J'écris en pleurant...
Non, tout va bien! C'est simplement la vie qui déborde...

Journée intense.
Comment vous raconter? Ce qui est intense, c'est la sensation, et la sensation ne s'écrit pas.

Hier soir, j'ai du m'endormir à 22h30. Malgré les horaires, la fatigue, je n'arrive jamais à dormir avant.
Alors quand le réveil sonne à 3h30, se lever est toujours difficile. Mais rapidement la vie me pousse en avant.

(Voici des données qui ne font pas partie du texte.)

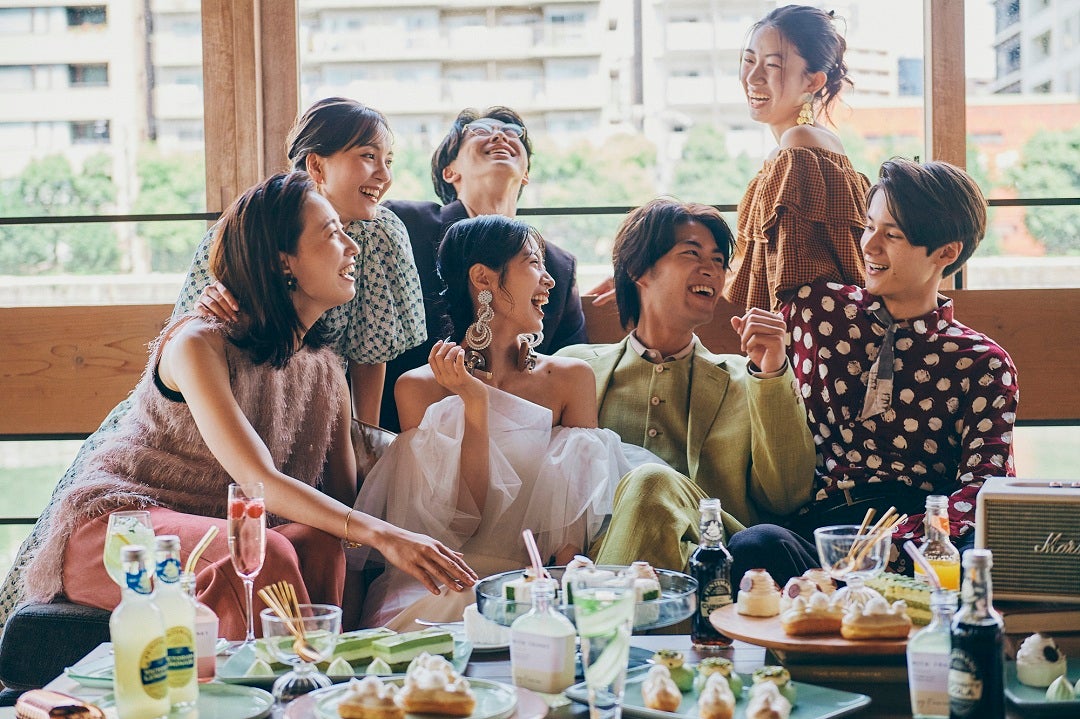 大阪で1.5次会ウェディングにおすすめ｜会費制結婚式の新スタイル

Brouillard dense, je conduis le nez sur le pare brise.
Malgré l'épuisement, et les après midi en état semi comateux, j'aime commencer à 4h30.
Je suis seule face à la machine, et la complicité se fait forte. Je n'aime pas écrire "face à la machine", car cela sonne comme une confrontation.
Celui qui part au travail en sachant que pendant 8h il va fabriquer la même pièce, comme la veille, et comme le lendemain, en pensant: "quel enfer", ou alors "je t'aurais saleté, je suis plus fort que toi", a perdu d'avance. Perdu quoi? 8h de vie...

Comme hier, et comme demain, je me suis retrouvée devant une pièce d'acier traité, à tourner, à une cadence infernale.
Je sais désormais à quoi servent ces pièces. Je ne donnerai pas d'explication ici parce que le patron traque  les espions (ils nous demande un extrait de casier avant de nous embaucher!! :-))
Pour vous donner une piste, sachez que ces colis partiront vers un port du Golfe (perce-hic), et que chaque pièce ne sera qu'une humble et misérable partie d'une immense machine destinée à tirer du brut, le dieu qui alimente nos cacatres, et surtout le portefeuille des Emirs du pays. Leurs cacatres (4X4 pour ceux qui pigent pas) sont immenses, je n'en ai jamais vu d'aussi gros... Au plus je me rapprochais de la frontière (svp, c'est où dites?) au plus ces bagnoles grossissaient...

Revenons au travail.

Le collègue de nuit a sorti 269 pièces en 7h30. Je ne désire pas faire un concours. Mais ma machine et moi, on va jouer à un jeu...
Ce n'est pas un défi, ni une lutte. Nous jouons. Elle est farceuse, et je m'attends à quelques coups vicieux...
J'ai envie de sortir 300 pièces. Si je réussis, je ne dirais pas "j'ai gagné". Nous aurons joué, elle et moi.
Après un chrono pendant une pièce je me rends compte que je peux aller encore un peu plus loin. En comptant les pauses maintenance de la bête (changement des outils usés), je peux tirer jusqu'à 315 pièces. Estimation maxi.
Pour y arriver, il ne me faut pas me relâcher une seule seconde. Ce n'est pas un travail difficile, c'est le rythme qui l'est.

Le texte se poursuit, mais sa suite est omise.